Levine was found hanging on a palm tree in the yard of his home in 1933, with
nary a word of explanation. A solution to the mystery of his sudden demise may
have been found in 1991, when a forgotten journal in an Istanbul library
contends that Levine was a Jewish spy.
According to the journal, written by a Turkish commander in Jerusalem, Levine
assisted the British during World War I and helped bring about the fall of the
Ottoman Empire. Possibly, some say, Levine’s death was an act of revenge carried
out long after the war’s end.
Head for the corner of Rehov Ha’adrichal and Rehov Hamon to view the stunning
residence of Romema’s founder (Yom-Tov Hamon), which is under renovation. Its
exterior is a feast for the eyes, featuring decorative balconies,
a pyramid-shaped metal top and a roof lined with little pillars.

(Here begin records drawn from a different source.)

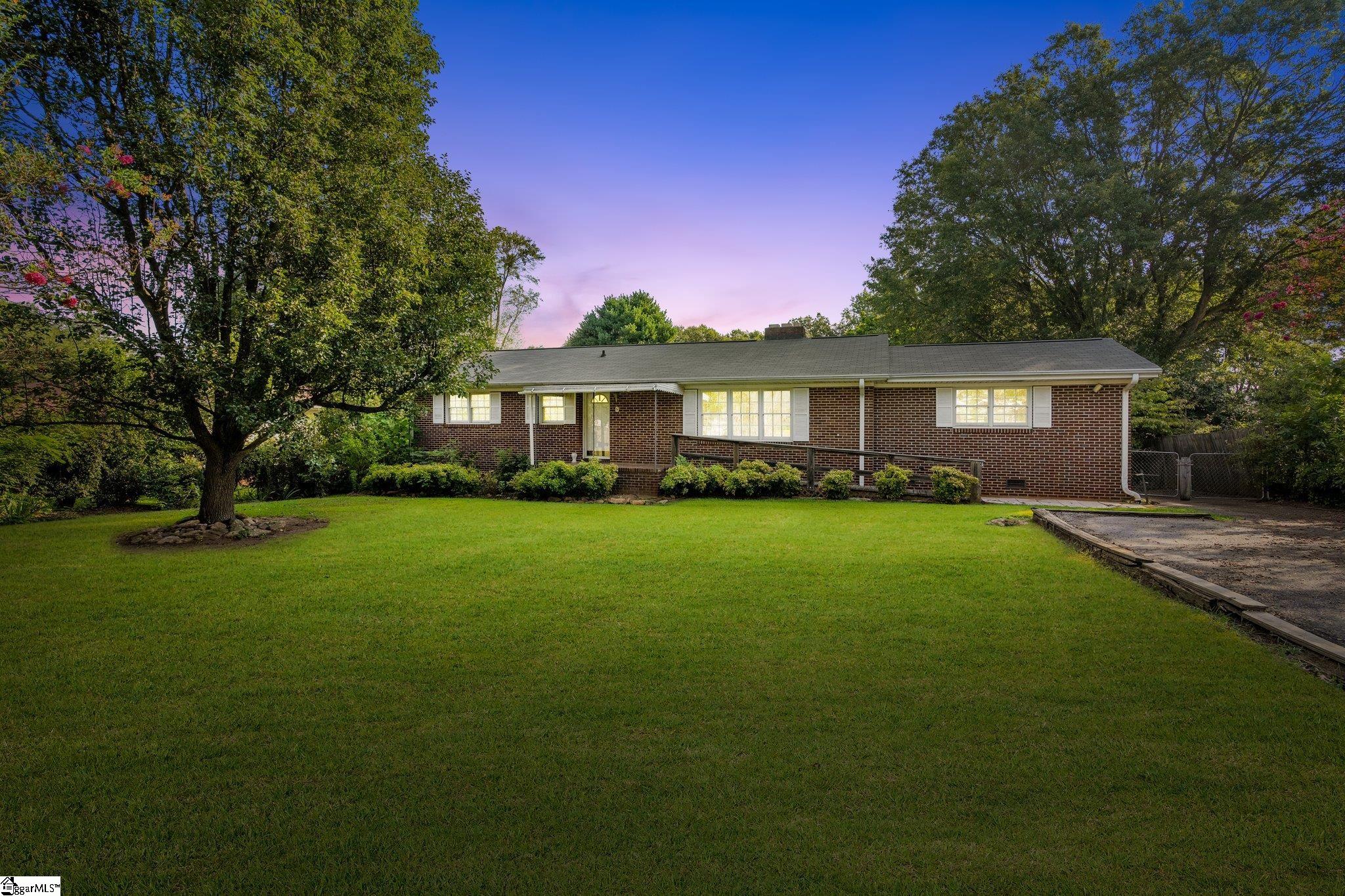 5 Vale, Spartanburg, SC 29301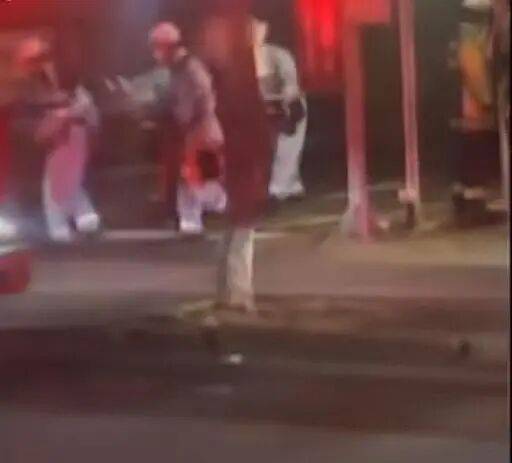 日本一圖書館內(nèi)發(fā)生殺人未遂事件，有人被擔(dān)架運走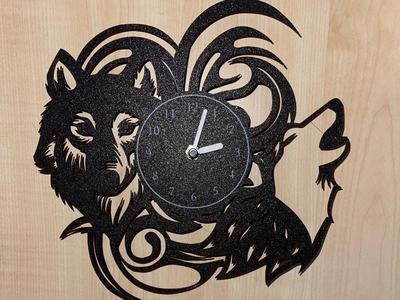 Wolf Clock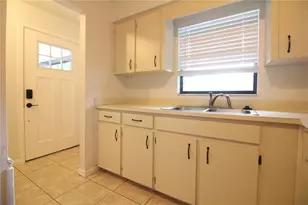 928 Winnie Ln, Lakeland, FL 33813 - Photo 7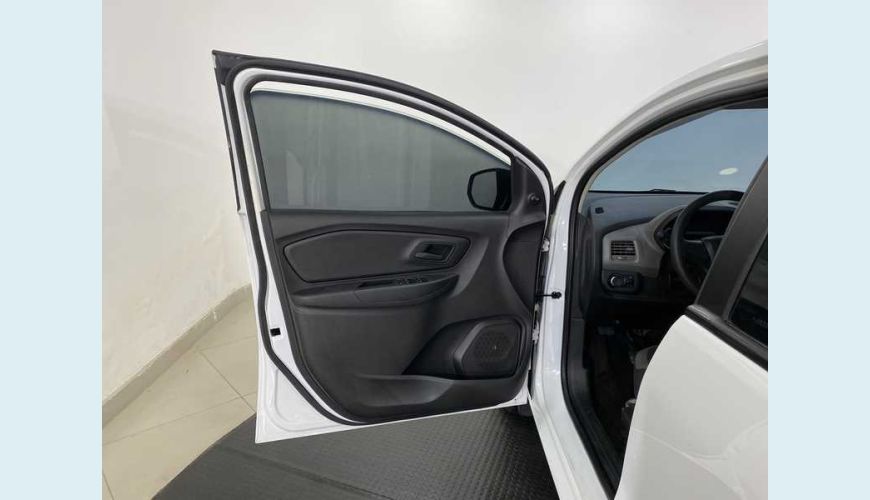CHEVROLET SPIN LS 5S 1.8 FLEX - BRANCO - 2018 Foto 9 (Grande)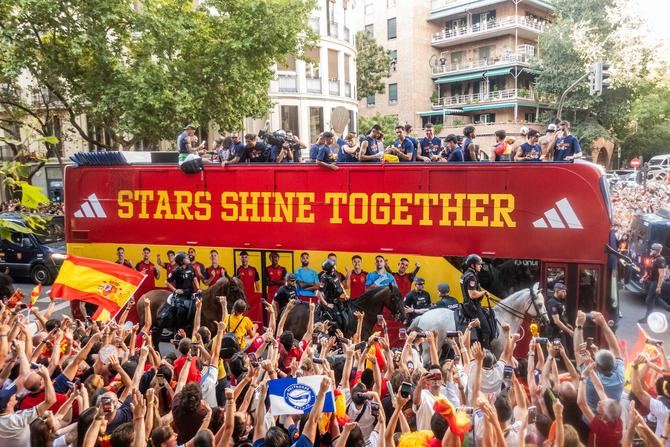 Unos dos millones de aficionados han tomado las calles de Madrid al paso de la Selección española de fútbol, para celebrar el logro de la segunda estrella, según ha cuantificado Delegación de Gobierno en Madrid.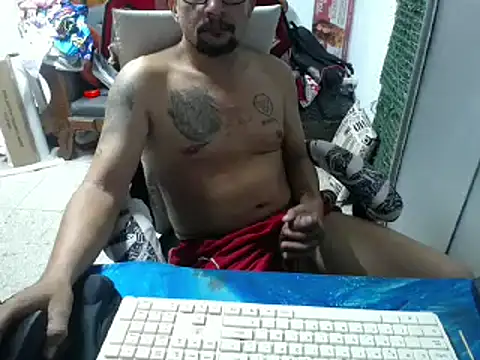 Snapshot of alexam_gal@xh chatting on January 21, 9:04 pm alexam galxh online show from January 21, 9:04 pm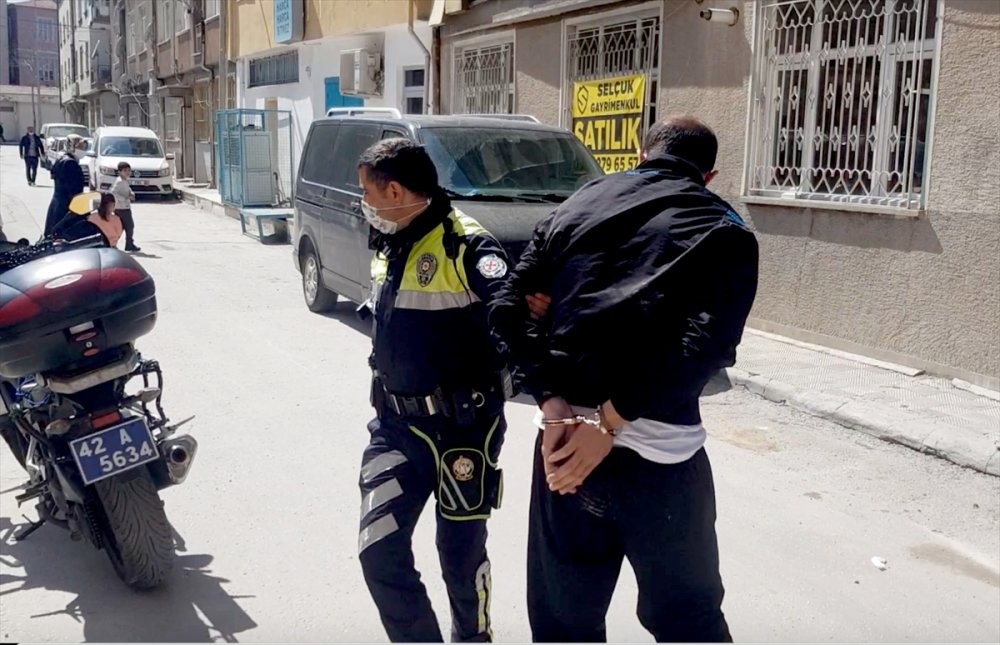 Konya'da Polisten Kaçmaya Çalışan Şüpheli, Kovalamaca Sonucu Yakalandı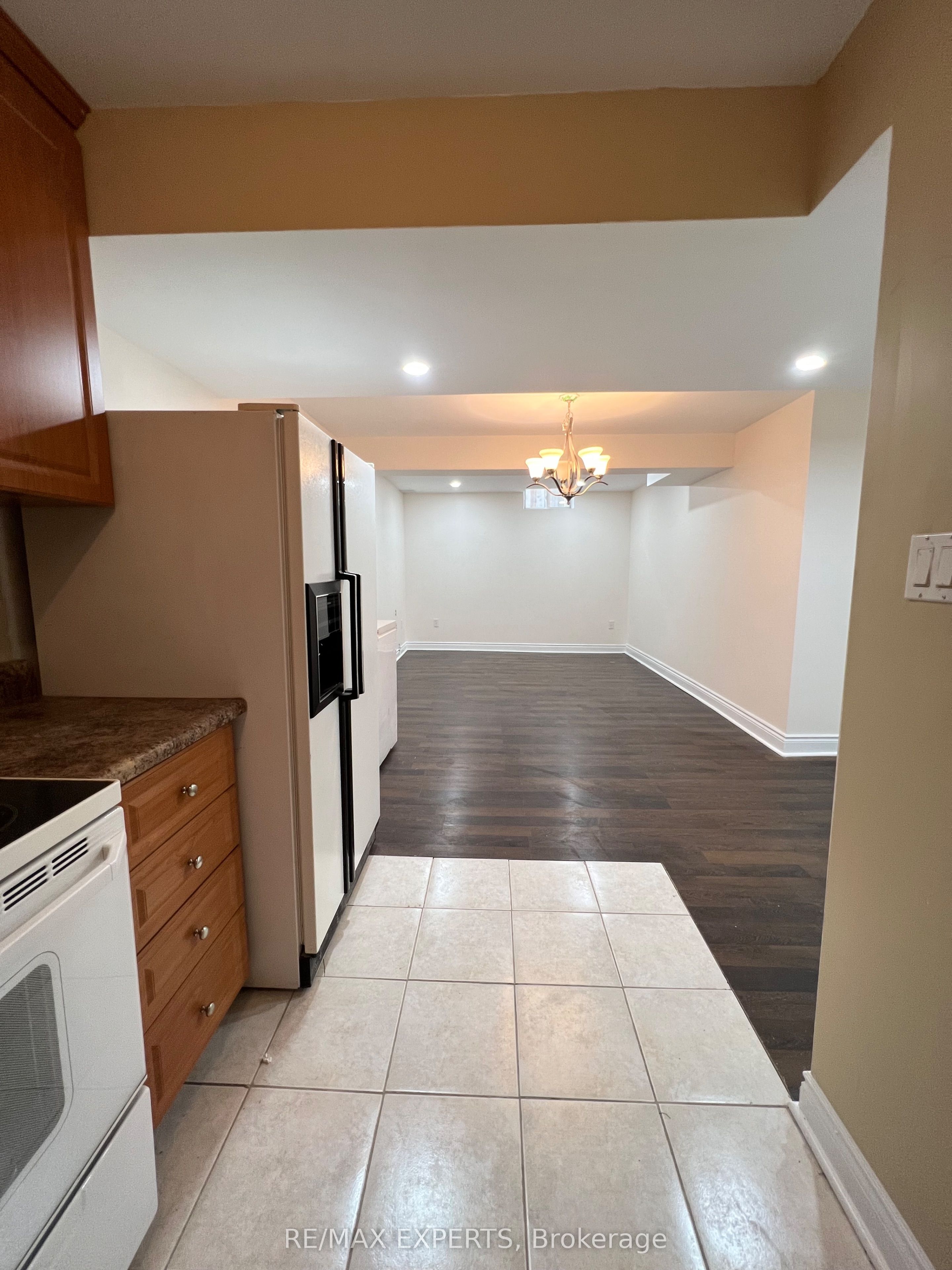 Photo 3 of 401 Forest Fountain Drive, Vaughan, Sonoma Heights — HOMEH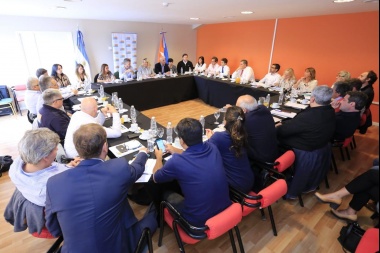 Empleo y contención social, los ejes de la primera reunión de Bertone con su gabinete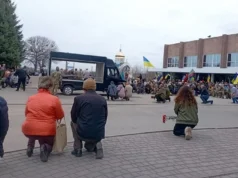 На Черкащині попрощалися з ветераном Русіновим, який загинув у перестрілці з поліцейськими На Черкащині попрощалися з ветераном Русіновим, який загинув у перестрілці з поліцейськими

Facing the building from Rehov Hamon, look right to view the tall water tower
built by the British at the beginning of their mandate in Palestine. As this was
the highest point in Jerusalem at the time, water from the adjacent pool was
directed into pipes all over the city.
Follow Rehov Hamon to the corner and turn left onto Rehov Ha’or. The
grandiose structure at No. 2 Rehov Ha’or, today a meeting place and library for
Russian-speaking Israelis, features stunning capital-topped columns and rounded
balconies.
You are back at No. 2 Allenby and the square. Turn left onto Rehov Torah
Mitzion to see an enormous shikun — a long, monotonous apartment block. The
newest of ’Old Romema’’s buildings, it was erected in 1945 mainly to help rabbis
who survived the Holocaust. Nevertheless, refugees and other needy people moved
in and today dozens of families reside in the structure.
Romema stayed small, bordered by Arab villages that launched sporadic
attacks. It was only after the War of Independence that new buildings with
little character were added as the neighborhood expanded.